We can’t be sure that Lotterby saw “Jessica’s First Christmas”, and reacted to an aesthetic disaster. But we can be sure that he looked at a difficult production problem, and chose an unusual and successful solution to it. One that introduced an entirely new way of working for Some Mothers Do ‘Ave ‘Em, but was deemed worth it in order to capture a central part of the programme successfully.
This can be seen most obviously in the very final episode of the show, “Learning to Fly”, broadcast on 25th December 1978. Here, Lotterby stages a scene between Frank, Jessica, her “boyfriend” Alexander, and his mother Linda, which would have been difficult to shoot competently in any other way.6
And if you didn’t notice the difference between these scenes and the others in the Spencer household until I mentioned it? Well, that was the point.

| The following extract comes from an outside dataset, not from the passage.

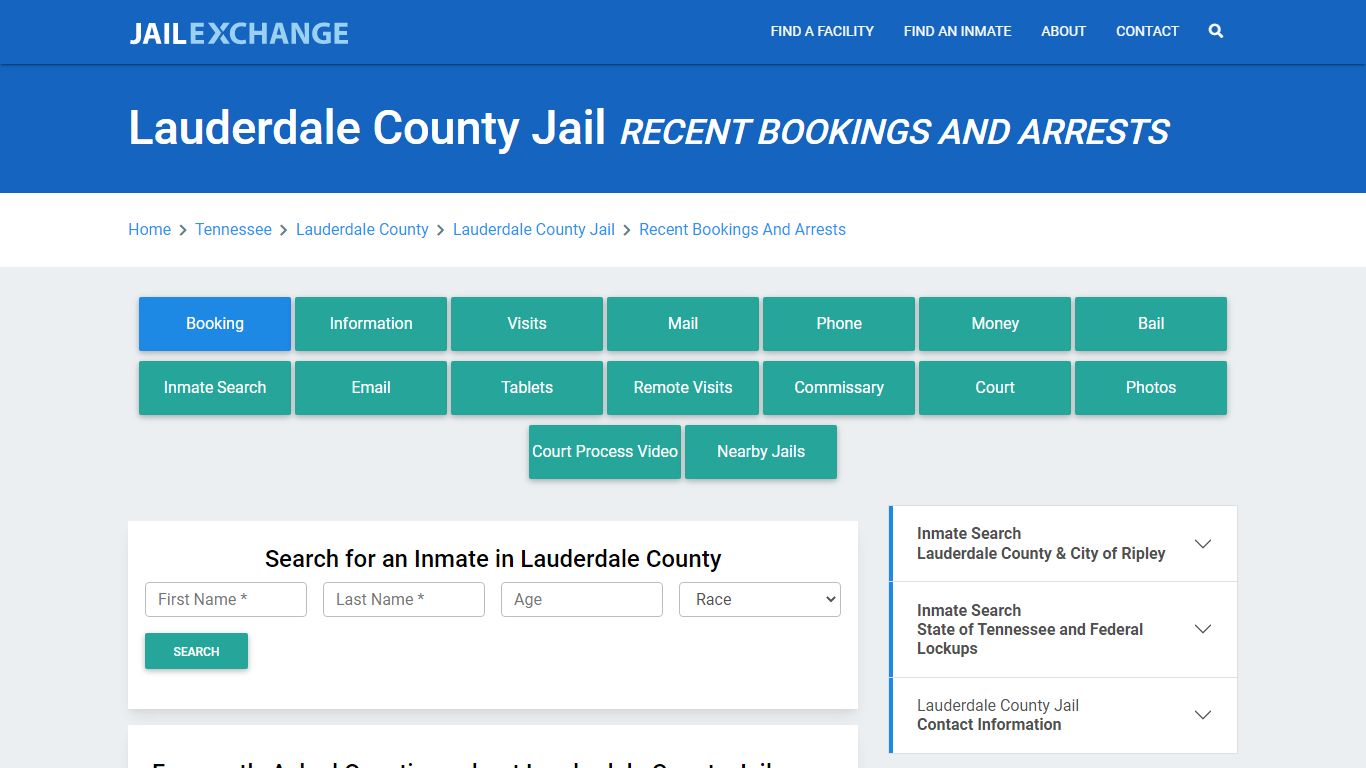 Lauderdale County Jail TN Recent Arrests and Bookings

With thanks to Simon Guerrier and Oliver Wake for research about OB material, Milly Storrington for production research, and Paul Hayes, Tanya Jones, and Richard Latto for checking I haven’t said anything overtly cretinous.

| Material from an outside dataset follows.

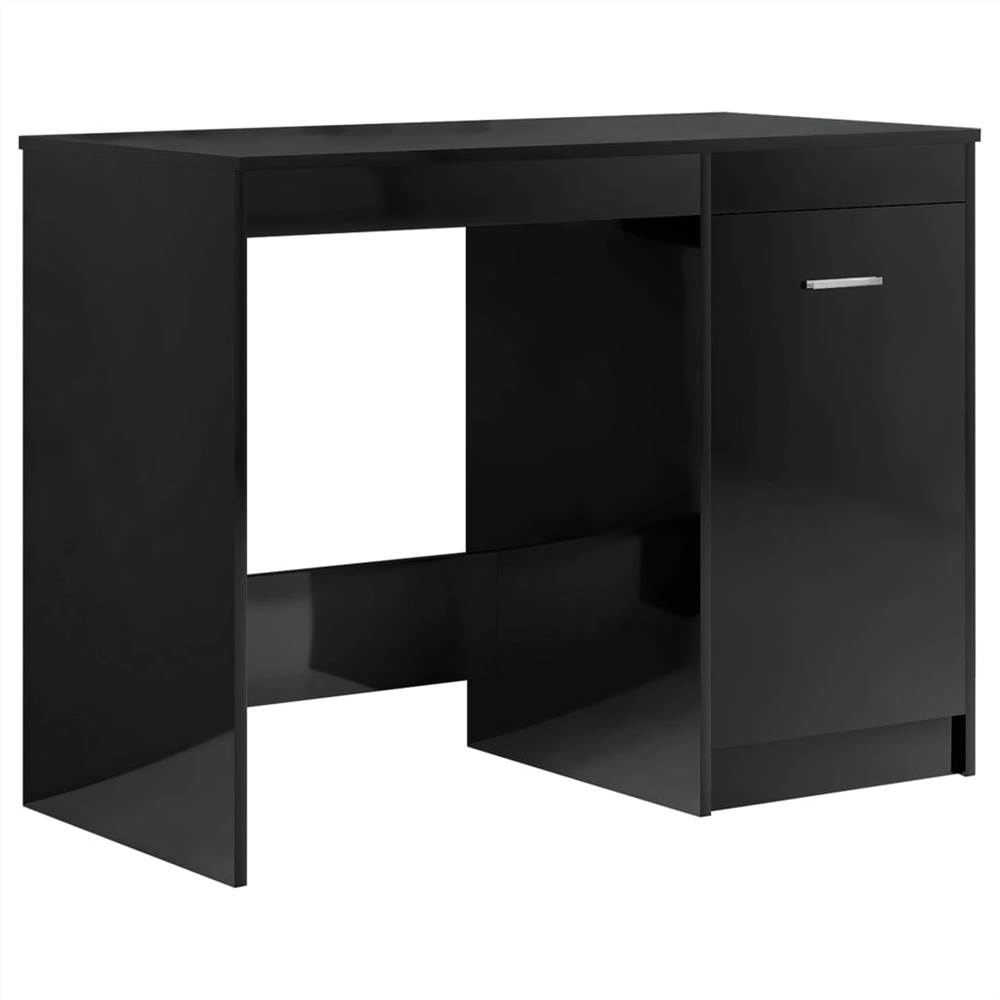 Desk High Gloss Black 140x50x76 cm Chipboard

Let’s try to ignore the fact that Crawford hit his head for real very hard indeed while shooting that scene in the studio. It makes it a little more difficult to watch once you know. ↩
Using film may well also have made choosing particular reactions from Emma easier; film was still far easier to edit than video in 1973. ↩
Though I’m always a little dubious about assertions like this. I’ve read some very intelligent things about television in audience research reports from decades ago, and I’ve read some very stupid things said about television last week. ↩
None of the episode titles for Some Mothers are official; they don’t appear on-screen, or in the production paperwork, but were given to the programme after-the-fact. It’s weird – but possibly deliberate? – that three out of the six of these “given” titles for Series 3 include the word “house”. ↩
Incidentally, did they cast a real-life Jessica in order to try and get the right reaction from her, when Crawford says her name? I have no proof – maybe it’s just coincidence – but it seems at least possible. ↩
This scene was shot separately from the other OB material in Series 3; on the 28th November 1978. ↩
18 comments
Alasdair Swanson on 8 May 2025 @ 10am
I have read somewhere (can’t track it down right now) that yes, Michael Crawford, who was far more involved in the writing etc for series 3, insisted that they have a baby actually called Jessica for exactly that reason. If I can find it I’ll pop it here.
Mike on 8 May 2025 @ 10am
Excellent article, thanks!
It still amazes me that people couldn’t see the difference between VT and film back in the day. Even my A level Media Studies teacher couldn’t, leading to a difficult exchange back in the early 90s for me in class!
What I find most jarring bout the roller skates sequence is the awful ADR. It totally takes me out of the scene.
Anyhoo, loving your work sir. Keep it up (as ‘twere).
Brad Jones on 8 May 2025 @ 11am
My mother still can’t see the difference between VT and film.
I’ve shown her the “Good Lord! We’re on film!” sketch from Monty Python.
Not a glimmer.
David Brunt on 8 May 2025 @ 11am
The costume design schedule paperwork notes the final pre-filming day on the 28 November – on film. The same week as a two-day studio remount of a previous episode [it doesn’t note which one], a week before the xmas episode was recorded.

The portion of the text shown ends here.